*** Data under study ***
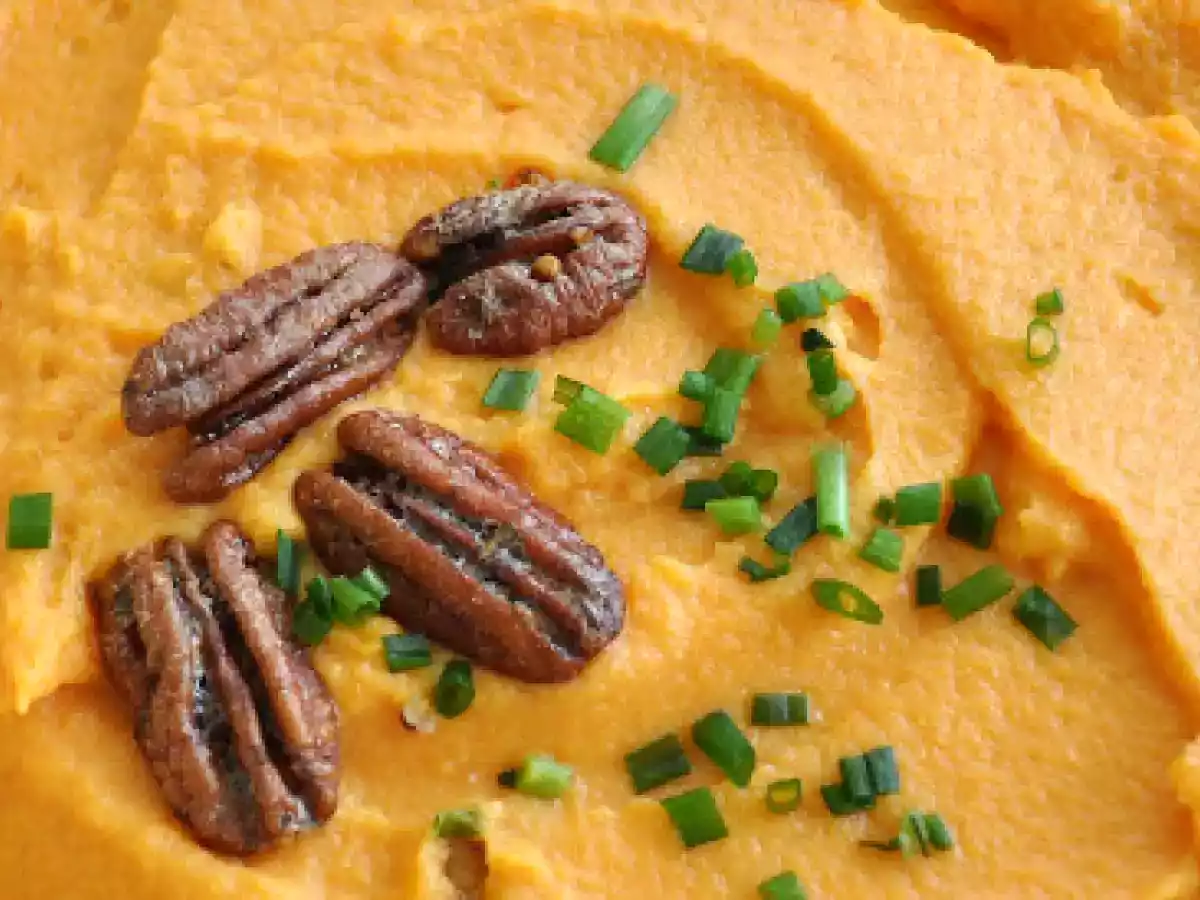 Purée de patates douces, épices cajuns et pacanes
*** End of Data under study ***
*** Data under study ***
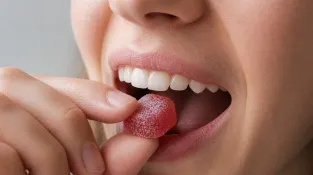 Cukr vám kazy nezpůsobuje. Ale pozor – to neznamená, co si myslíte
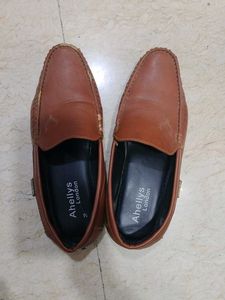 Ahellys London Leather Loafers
*** End of Data under study ***
Repeat the lines above exactly, beginning with the one containing "Cukr vám kazy" and finishing with the one containing "Ahellys London Leather Loafers". No pictures belong in the copy.

 Cukr vám kazy nezpůsobuje. Ale pozor – to neznamená, co si myslíte
 Ahellys London Leather Loafers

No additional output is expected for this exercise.